Christmas tree adapter 300 has an upper flange member 311 and
internal connection threads 312 to which tool 330 is connected. The
adapter 300 also has stop lugs 313 which cooperate with hanger-head
stop lugs 314 to limit stop rotation at full engagement as
explained with reference to FIG. 5 in the casing-tubing sub-surface
completion method previously described herein. Also provided is a
lock ring 315 held first in an upward position by sleeve skirt 336
of the tool 330. After shearing of pin 337 right hand rotation of
tool 330 allows pins 317 to drop out of L slots 335 in sleeve 336
allowing its lugs 316 to drop between the back of adapter lugs 313
and the next closest hanger-head lugs 314, locking the adapter in
its fully engaged position. Further rotation of tool 330 frees it
for retrieval from the well.
The well can then be temporarily abandoned as explained in the
casing-tubing sub-surface method previously described or it can be
completed for production. If it is to be completed for production,
at this point, conductor riser 212 is disconnected from conductor
head 211 by 30.degree. rotation and removed.
Now referring to FIG. 10, a spool piece 350, and Christmas tree 360
is guided into place and attached to adapter flange 311 by standard
type diver assist clamp 351. Spool piece 350 may be lowered by
itself first with Christmas tree 360 being lowered afterward.
Alternatively, Christmas tree 360 may be assembled with spool piece
350 by clamp 361, then lowered together into place for attachment
to adapter 300. Spool piece 350 is provided with nipples 352, 353
which stab and seal over hanging nipples 275, 276. It is also
provided with a side opening outlet 354 and bore 355 communicating
with port 306 and tubing-casing annulus below hanger 280 through a
port (not shown) in hanger 280. A valve removal plug 356 allows for
future installation of a side outlet valve.
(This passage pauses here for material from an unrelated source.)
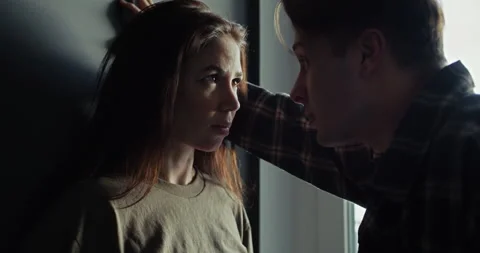 The guy approached his girlfriend, looks into your eyes and expresses his Stock Footage 305775650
Christmas tree 360 is
provided with short nipples 362, 363 which sealingly engage pockets
provided for this purpose in spool piece 350. Nipples 362, 363,
352, 353, 275, 276 and spool bores 357, 358 provide unobstructed
full opening into tubing strings 270, 271.
The foregoing methods and apparatus for completing an underwater
well for both the casing-tubing sub-sea completion or tubingless
completion offer definite advantages in both speed and safety.
Complete pressure control at the drilling platform is maintained at
all times and the apparatus used permits fast connection and
disconnection for reduction of expensive rig time.